Esprit DIY anarchique… flyers pour le Sub Club de Glasgow.
Esprit DIY anarchique… flyers pour le Sub Club de Glasgow. Photographie: Michael McGurk / Mick McGurk

Même avant la pandémie, les boîtes de nuit étaient devenues une espèce en voie de disparition. Expulsés des quartiers défavorisés par la gentrification et la spéculation immobilière, et perdant leur public de jeunes au profit du culte croissant du bien-être, le clubbing était déjà en train de devenir quelque chose dont les personnes d’âge moyen se remémoraient. Entre 2005 et 2020, le nombre de boîtes de nuit au Royaume-Uni est passé d’un peu plus de 3000 à environ 1400. Certains ont tenté de se diversifier pour survivre.

L’exposition présente la proposition de 2015 pour un ministère du son nouveau look à Londres, réinventant le super-club en tant qu’espace de travail collaboratif à plusieurs niveaux de 24 heures, salle de sport, spa, station de radio et discothèque – le tout dans la base. d’une tour de luxe, natch. La conception, réalisée par les architectes néerlandais OMA, n’a jamais réussi à sortir de la planche à dessin. Mais le ministère a depuis ouvert un club de co-working membres ainsi qu’un studio de fitness, en réalisant à l’aube que l’instructeur de fitness a remplacé le DJ dans les priorités de la génération Z de qui ils veulent voir à l’avant d’une pièce pleine de sueur. corps.

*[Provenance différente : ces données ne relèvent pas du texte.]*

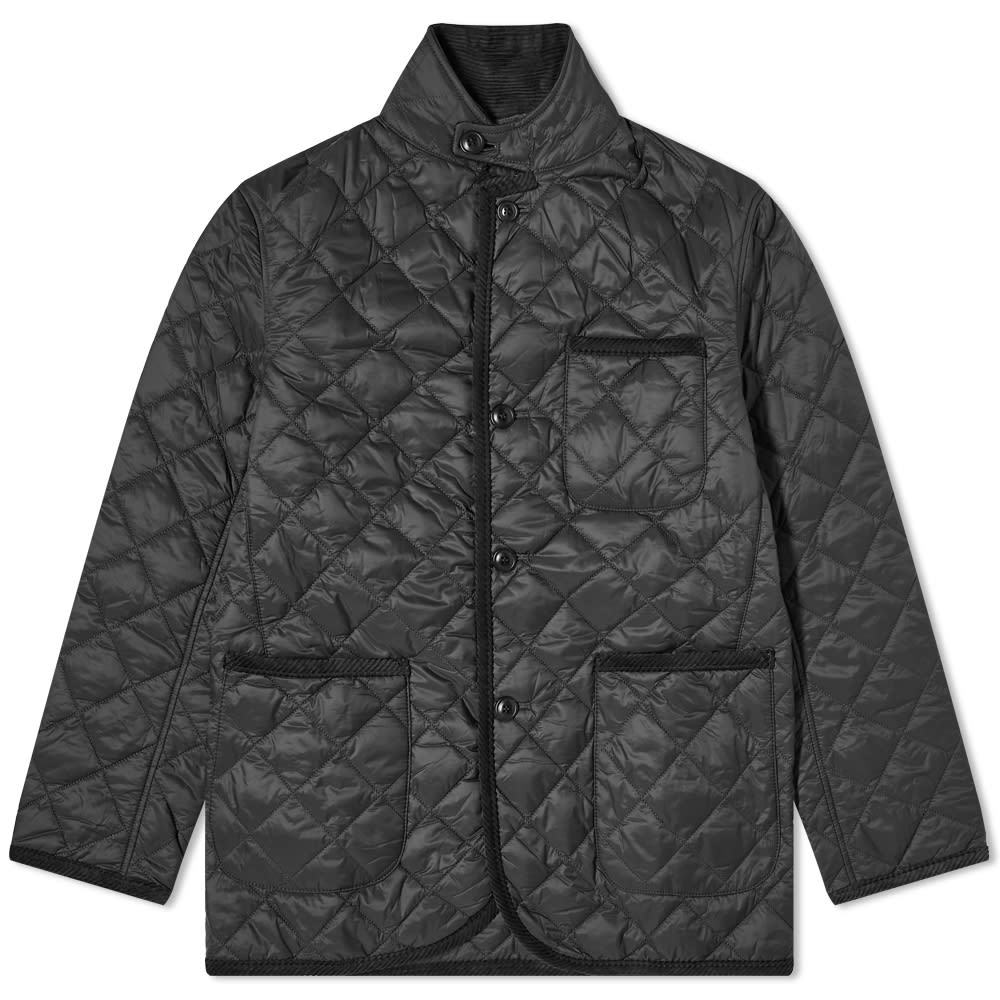 Barbour x Engineered Garments Loitery Quilted Jacket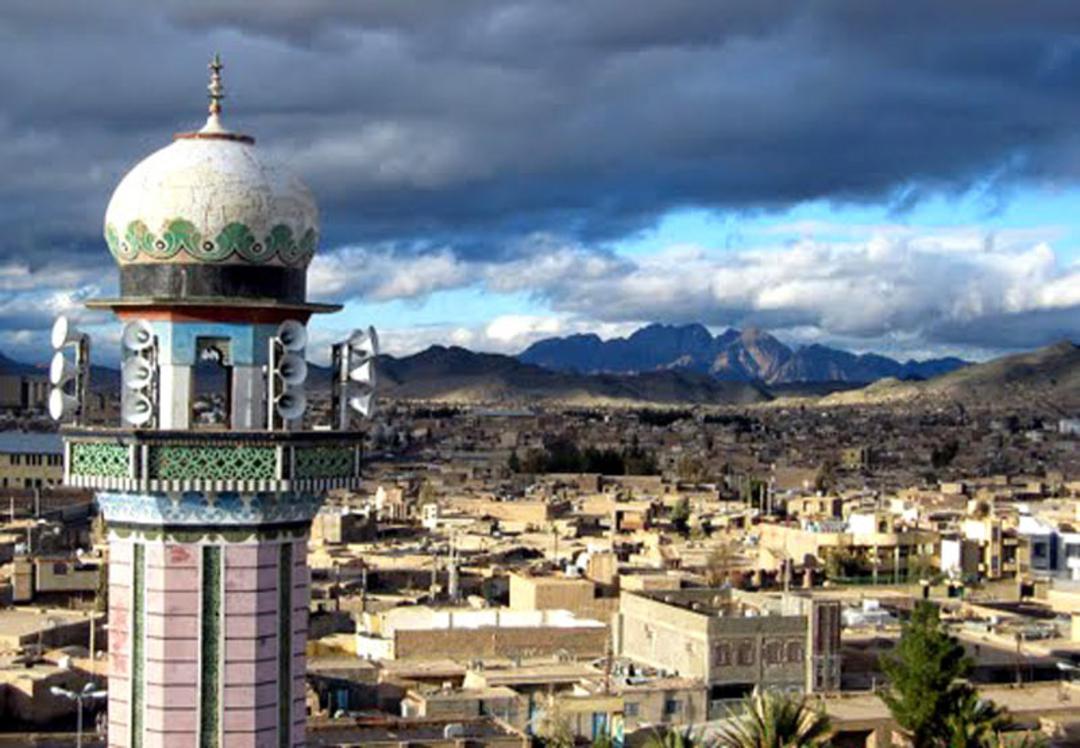 مسجد جامع تیس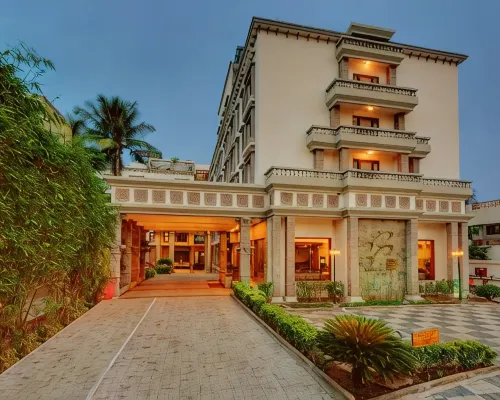 JC Residency Madurai Hotels in Madurai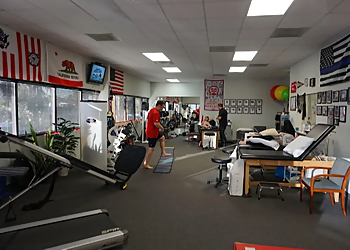 Costa Mesa Physical Therapists Mark C. Nowlin, DPT, OCS, CSCS - POWER PHYSICAL THERAPY & SPORTS MEDICINE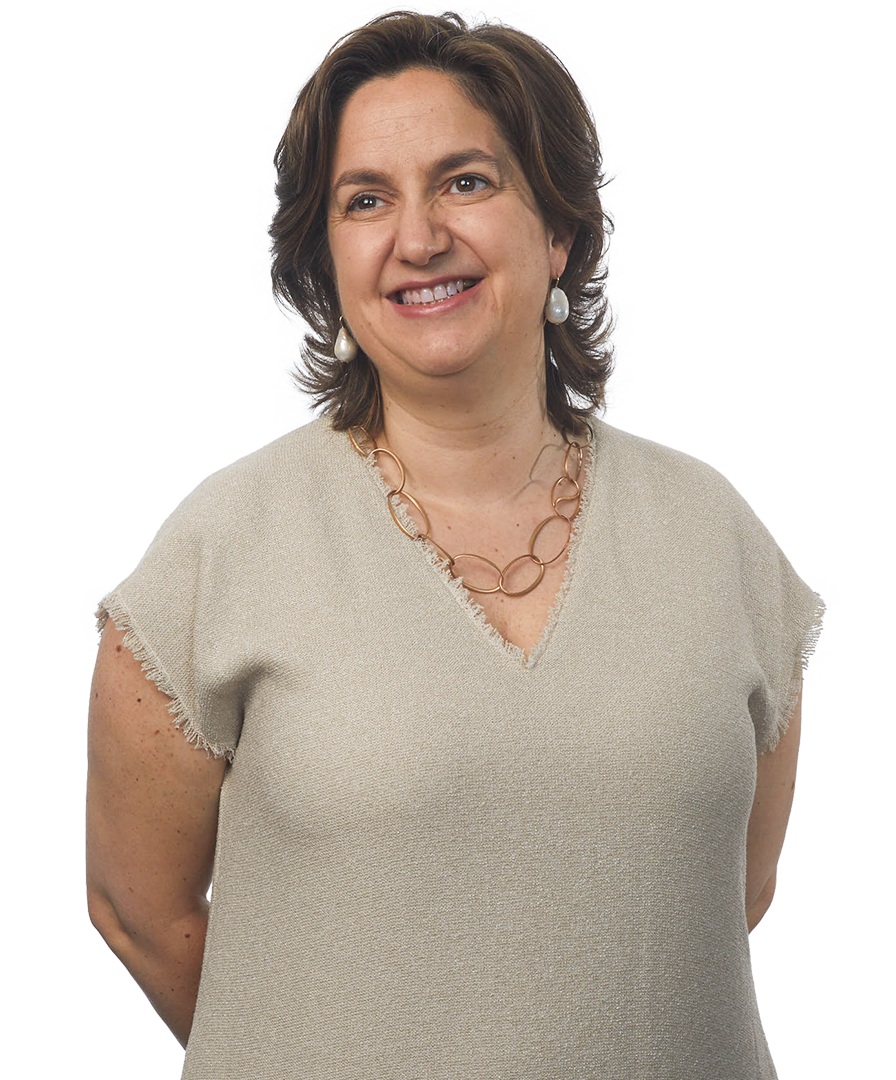 This is a profile image of María del Mar Martínez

L’exposition s’arrête avant de faire des prédictions pour l’avenir post-pandémique, mais il est difficile de ne pas voir l’émission comme une épitaphe d’une époque révolue. En particulier, une vitrine de fragments de la Haçienda de Manchester a l’air d’un reliquaire sacré, affichant une borne, une brique et un morceau de sol avec une vidéo émouvante de la façon dont les précieuses pièces ont été vendues aux enchères lors de la démolition du lieu. Le flot de nostalgie commercialisable atteint son apogée sous la forme d’une paire de baskets Adidas du 25e anniversaire, vendue 345 £ dans une boîte en forme de piste de danse du club.

Après une récente enquête menée par la Night Time Industries Association a révélé que 80% des boîtes de nuit britanniques sont confrontées à une fermeture définitive, leur destin est-il de ne vivre que dans une légende mythique, commémorée dans des produits en édition limitée?

Si la vente de billets est quelque chose à faire, les nouvelles années folles pourraient voir les clubs rebondir avec vengeance. Lorsque des salles telles que Mint Warehouse à Leeds, Snobs à Birmingham et Fabric à Londres ont récemment annoncé leurs soirées de réouverture, prévues pour la fin juin, elles se sont vendues en quelques minutes. On ne peut qu’espérer qu’ils reviendront avec des potagers poussant sur leurs pistes de danse.

Night Fever: Designing Club Culture ouvre au V&A Dundee le 1er mai.